Gözünde büyük oranda görme kaybı bulunmasına rağmen cepheye silah taşıdığı iddiasıyla Esed rejimi tarafından 5 yıl Şam'daki Adra cezaevinde tutulduktan sonra serbest bırakılan Amine el Mulhim, çocuklarına kavuştu.
İSTANBUL (AA) - Gözünde büyük oranda görme kaybı bulunmasına rağmen cepheye silah taşıdığı iddiasıyla Beşşar Esed rejimi tarafından 5 yıl Şam'daki Adra cezaevinde tutuklu kalan Amine el Mulhim, serbest bırakıldıktan sonra geldiği İstanbul'da çocuklarına kavuştu.
Savaşta eşini kaybeden ve 2 çocuğunun şehit olduğunu cezaevinden çıktıktan sonra öğrenebilen 48 yaşındaki Mulhim, sorgulama ve hapis dönemi boyunca işkenceye maruz kaldı. Cezaevinde kaldığı süreçte çocuklarıyla hiçbir iletişim kurmasına izin verilmeyen Mulhim, İstanbul'da havalimanında kendini karşılayan çocuklarıyla gözyaşları içinde sarılarak hasret giderdi.
Hapishanedeki yaşamını ve duygularını AA muhabirine anlatan Mulhim, hakkında hazırlanan asılsız bir istihbarat raporuyla gözaltına alındığını söyledi.
"Raporda görme engelli olmama rağmen cepheye silah taşıdığım, malzeme verdiğim ve Özgür Suriye Ordusunu desteklediğim yazıyordu." diyen Mulhim, gelişen süreci şu sözlerle anlattı:
"Beni bu asılsız rapora göre Şam'da gözaltına aldılar ve ardında 2 ay tutuklu kaldım. 2 ayın ardından mahkemeye çıktım. Mahkemede savcı bana ithaf edilen suçlamaları yapıp yapmadığımı sordu. Ona çocukluktan beri gözümün görmediğini ve bu şekilde nasıl suç işleyebileceğimi sordum. Tıbbi raporlarımı ve belgelerimi de gösterdim ama bana yine de 5 yıl ceza verdiler. Adra cezaevine gönderildim. Bize özellikle soruşturma merkezinde çok büyük eziyetler ettiler. Cezaevinde de işkence vardı ama soruşturma merkezindekinden daha azdı. Cezaevi günlerinin tamamı işkence gibiydi. Çocuklarımdan ayrı kaldığım için bedenime yapılan işkencelerin tesiri daha azdı."
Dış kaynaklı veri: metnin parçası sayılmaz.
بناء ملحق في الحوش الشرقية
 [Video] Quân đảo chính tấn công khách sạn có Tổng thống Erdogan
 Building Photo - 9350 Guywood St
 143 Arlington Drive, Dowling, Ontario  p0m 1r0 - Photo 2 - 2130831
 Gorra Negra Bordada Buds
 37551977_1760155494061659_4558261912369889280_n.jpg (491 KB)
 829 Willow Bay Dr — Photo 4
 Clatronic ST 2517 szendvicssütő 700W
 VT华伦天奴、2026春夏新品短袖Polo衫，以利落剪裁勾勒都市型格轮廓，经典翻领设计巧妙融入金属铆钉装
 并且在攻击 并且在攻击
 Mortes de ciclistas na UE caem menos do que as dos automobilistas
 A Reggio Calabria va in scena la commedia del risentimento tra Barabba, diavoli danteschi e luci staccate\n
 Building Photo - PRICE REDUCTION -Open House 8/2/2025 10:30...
"Allah sabır verdi"Mulhim, cezaevinde dışarıyla iletişim kurmasına izin verilmediğini belirterek, şunları kaydetti:
"5 yıl boyunca çocuklarımın sesini bile duyamadım. Onlardan hiç haber alamadım. Savaş başlayınca İdlib'e geldiler. 2012'de eşim şehit olunca Türkiye'ye gelmeye karar verdiler. 2 çocuğum ben hapishanedeyken şehit olmuş. Bunu cezaevinden çıktıktan sonra öğrendim. Bir çocuğum da Türkiye'de kanserden öldü. Hapishanede 2 yıl sonra çocuklarımın durumunun iyi olduğunu öğrenebilmiştim. Ondan sonra hiçbir şekilde çocuklarımla ilgili bilgi de alamadım. 5 sene boyunca hiçbirini ne görebildim ne seslerini duyabildim. Hapishanede zaten yurt dışı aramalar kapalıydı. Yurt içinde de arayacak kimsem kalmamıştı."
Hapishanede manevi olarak güçlü olmak için sürekli dua ettiğini anlatan Mulhim, duygularını şöyle dile getirdi:
"Allah bana hapishanede büyük bir sabır verdi. Çocuklarımın şehit olduğunu hapishaneden çıktıktan sonra öğrenebildim. Çıktıktan sonra acılar devam etti. Hapishanede terörist damgası yiyenler de hırsız olduğu iddia edilerek ceza verilen kadınlar da vardı. Terör damgası yiyenlere çok daha farklı davranıyorlardı. Biz Suriyeli kadınlar olarak çok şehit verdik. Cezaevinde ya da dışarıda olan ama evlatlarını, eşlerini kaybeden kadınlar Allah'tan ümitlerini kesmesinler."
Annesini 5 yılın ardından ilk defa gören 14 yaşındaki Abdülkerim de duygularını "Annemi gördüğümde gerçek mutluluğu hissettim." sözleriyle ifade etti.
12 yaşındaki Abdülmümin de "Annemi göreceğimi düşünmüyordum ama bugün yanımızda. İnşallah bir daha bu ayrılığı yaşamayız." diye konuştu.